> _What you will do_
If a record holds a picture, drop the picture and repeat everything else word for word.

++++++++++++++++++++

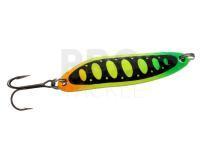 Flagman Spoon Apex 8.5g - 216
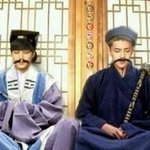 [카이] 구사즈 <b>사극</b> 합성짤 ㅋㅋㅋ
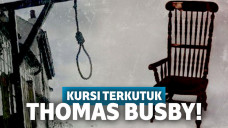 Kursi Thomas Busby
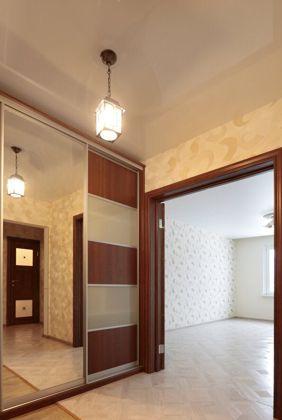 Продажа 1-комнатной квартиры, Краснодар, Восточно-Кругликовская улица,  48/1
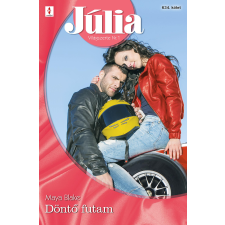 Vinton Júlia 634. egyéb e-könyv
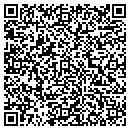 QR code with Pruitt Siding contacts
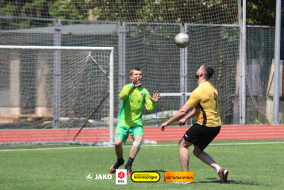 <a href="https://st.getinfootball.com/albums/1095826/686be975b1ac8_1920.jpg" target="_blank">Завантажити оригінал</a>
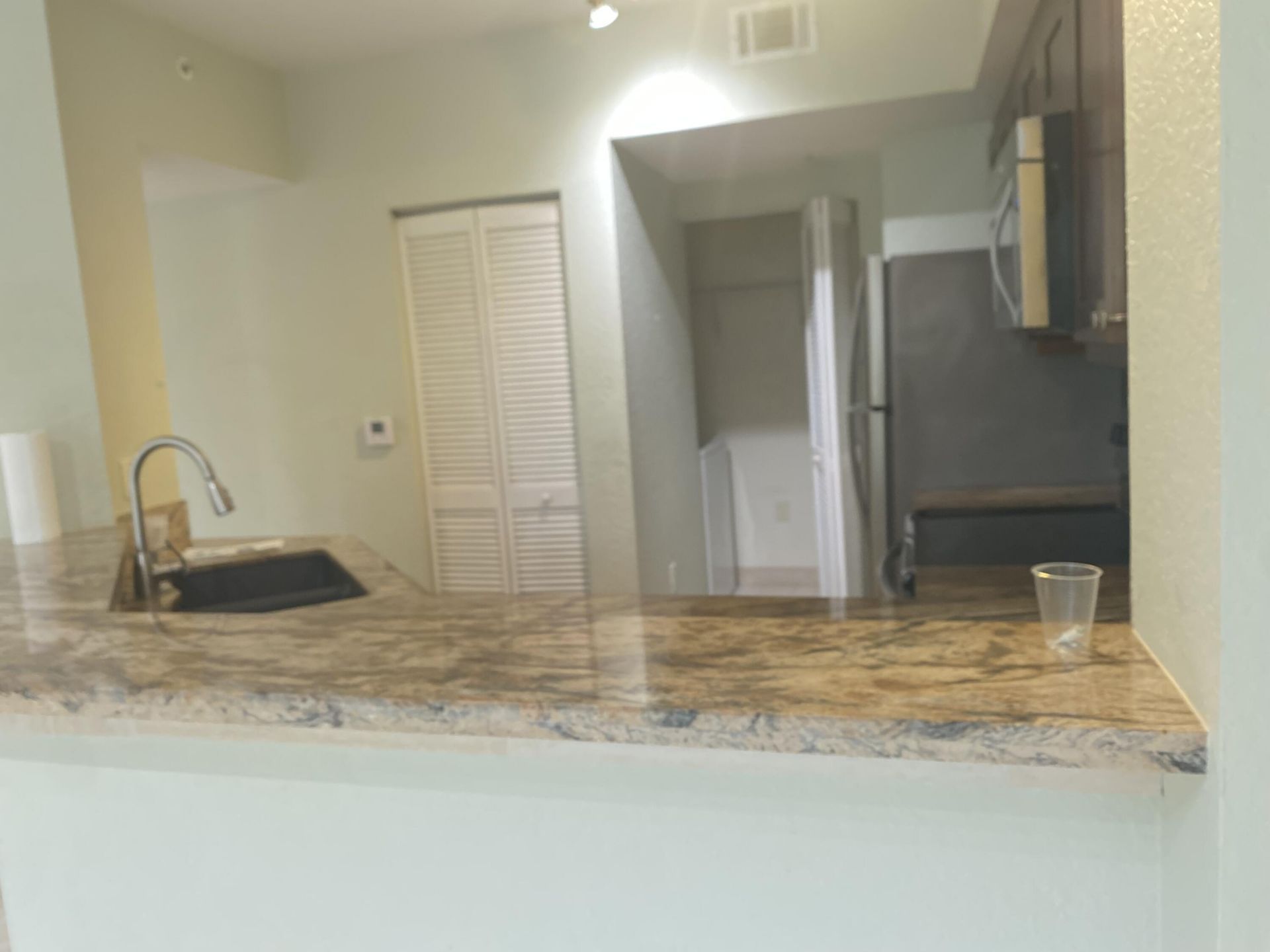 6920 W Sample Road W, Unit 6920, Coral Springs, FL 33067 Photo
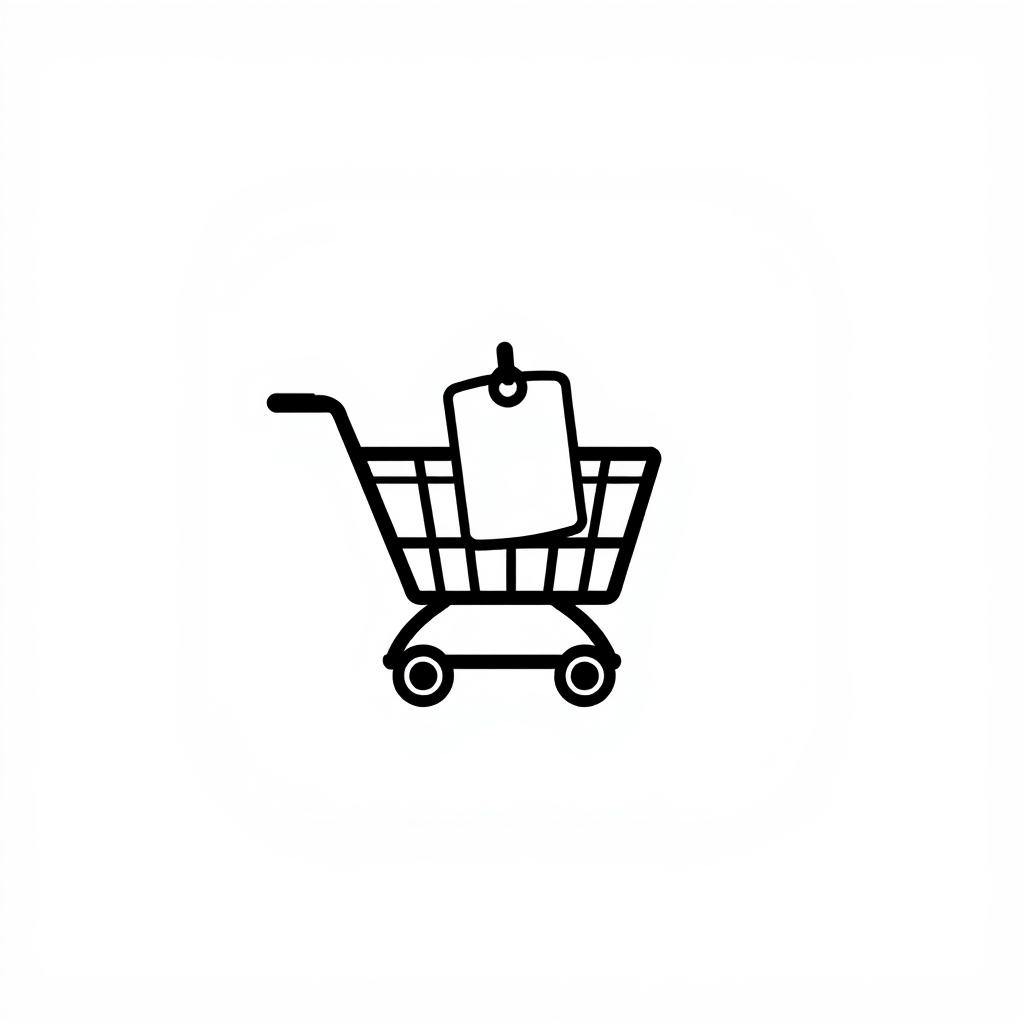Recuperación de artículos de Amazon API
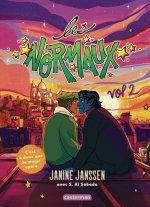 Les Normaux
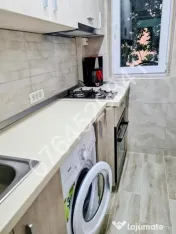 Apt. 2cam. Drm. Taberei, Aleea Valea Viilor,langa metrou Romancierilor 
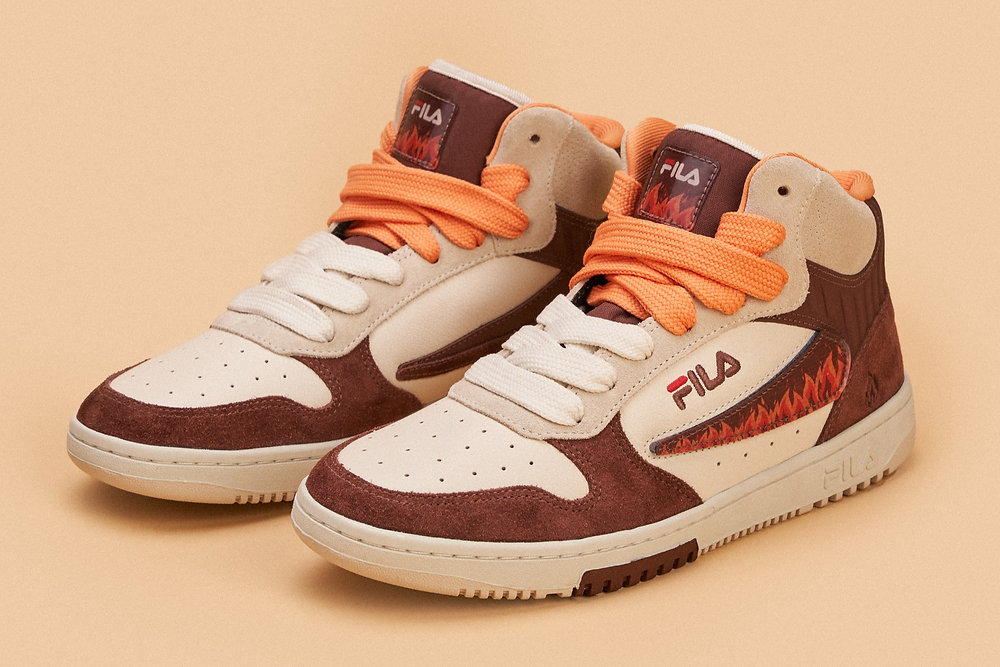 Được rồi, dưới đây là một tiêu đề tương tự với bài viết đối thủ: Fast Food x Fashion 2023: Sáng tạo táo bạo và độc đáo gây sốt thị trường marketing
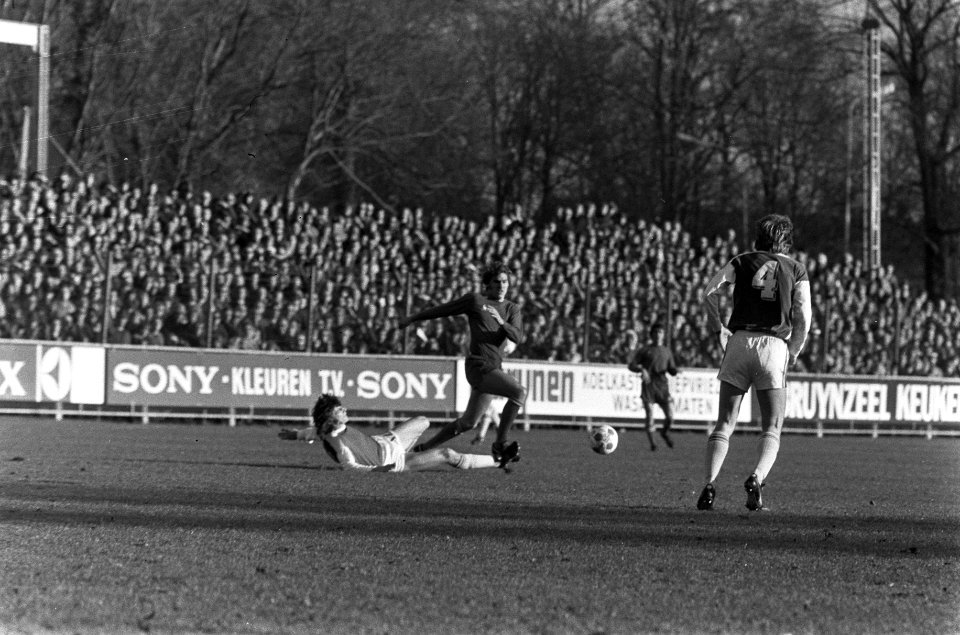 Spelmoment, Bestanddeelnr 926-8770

++++++++++++++++++++

> _Reply_
 Flagman Spoon Apex 8.5g - 216
 [카이] 구사즈 <b>사극</b> 합성짤 ㅋㅋㅋ
 Kursi Thomas Busby
 Продажа 1-комнатной квартиры, Краснодар, Восточно-Кругликовская улица,  48/1
 Vinton Júlia 634. egyéb e-könyv
 QR code with Pruitt Siding contacts
 <a href="https://st.getinfootball.com/albums/1095826/686be975b1ac8_1920.jpg" target="_blank">Завантажити оригінал</a>
 6920 W Sample Road W, Unit 6920, Coral Springs, FL 33067 Photo
Recuperación de artículos de Amazon API
 Les Normaux
 Apt. 2cam. Drm. Taberei, Aleea Valea Viilor,langa metrou Romancierilor 
 Được rồi, dưới đây là một tiêu đề tương tự với bài viết đối thủ: Fast Food x Fashion 2023: Sáng tạo táo bạo và độc đáo gây sốt thị trường marketing
 Spelmoment, Bestanddeelnr 926-8770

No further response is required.